On March 31, 2021 Governor Cuomo signed into law the Marijuana Regulation and Taxation Act (the “Act”), which legalizes the use of recreational marijuana in New York State for individuals 21 years old and older.  Although the Act has many complexities and impacts individuals, businesses and local governments in various ways, there are specific provisions that employers should be aware of concerning the legalization of recreational marijuana in New York State.

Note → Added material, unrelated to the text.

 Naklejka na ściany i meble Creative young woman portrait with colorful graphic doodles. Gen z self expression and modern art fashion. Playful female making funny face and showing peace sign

Many employers understandably are concerned about the impact the legalization of recreational marijuana may have on their workplaces.  The Act amends Section 201-d of the New York State Labor Law, which prohibits discrimination based on an employee engaging in certain activities.  The new amendments make it unlawful for an employer to refuse to hire an individual or otherwise discriminate against an employee as a result of that person’s lawful use of recreational marijuana before or after the employee’s work hours, off the employer’s premises and without the use of the employer’s equipment.  In other words, an employer in New York State may not refuse to hire an applicant, or discipline or terminate an employee, because that individual lawfully consumed marijuana outside of the workplace during non-work hours without use of the employer’s equipment and the consumption of marijuana did not impact his or her ability to perform necessary job duties.

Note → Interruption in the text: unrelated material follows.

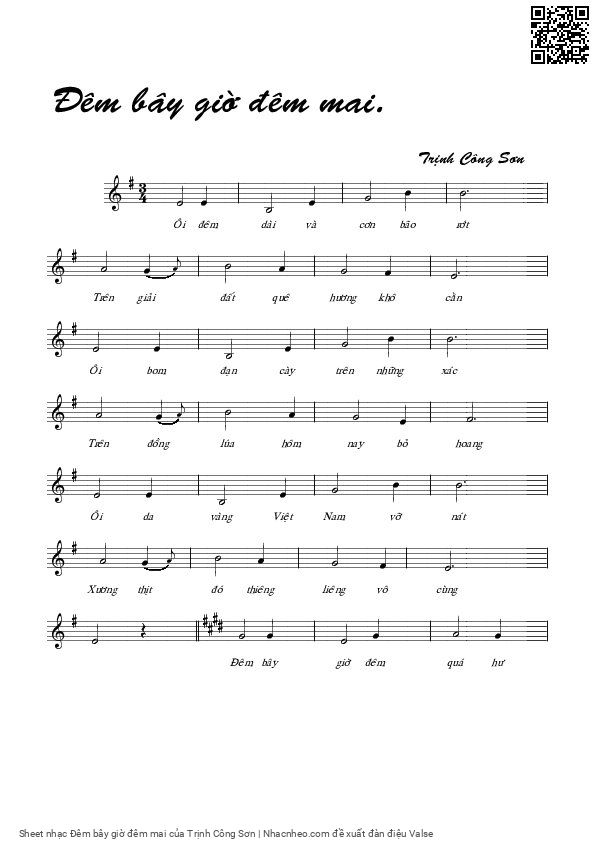 Sheet PDF of Đêm bây giờ đêm mai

However, the Act ensures that employers are not required to tolerate the use of recreational marijuana under certain circumstances.  The legislation makes clear that an employer would not violate Section 201-d of the New York State Labor Law by taking adverse employment action based on an individual’s use of recreational marijuana if:

  1. the employer’s actions were required by New York State or federal law, regulation, ordinance, or any other New York State or federal governmental mandate; or
  2. the employee is impaired by the use of marijuana, meaning the employee exhibits “specific articulable symptoms” while working that decrease the employee’s performance of his or her job duties, “or such specific articulable symptoms interfere with an employer’s obligation to provide a safe and healthy workplace”; or
  3. the employer’s actions would require it to commit an action that would cause it to be in violation of federal law or would result in the loss of a federal contract or federal funding.

The Act further states that it is not intended to limit the ability of an employer to create and enforce policies pertaining to marijuana use in the workplace and ensures that employers can prohibit smoking marijuana where smoking tobacco is prohibited.

The legislation also amends provisions of the Public Health Law concerning medical marijuana.  The Act expands the list of qualifying conditions for an individual to be eligible to use medical marijuana and permits a certified patient to access a sixty-day supply of medical marijuana, versus a thirty-day supply.  Further, it increases the number of caregivers allowed per certified patient.

Finally, the Act establishes automatic expungement or resentencing for individuals convicted of a marijuana related offense that would no longer be illegal under the Act.

As employers navigate these issues, our Firm’s labor and employment attorneys are standing by to provide legal advice.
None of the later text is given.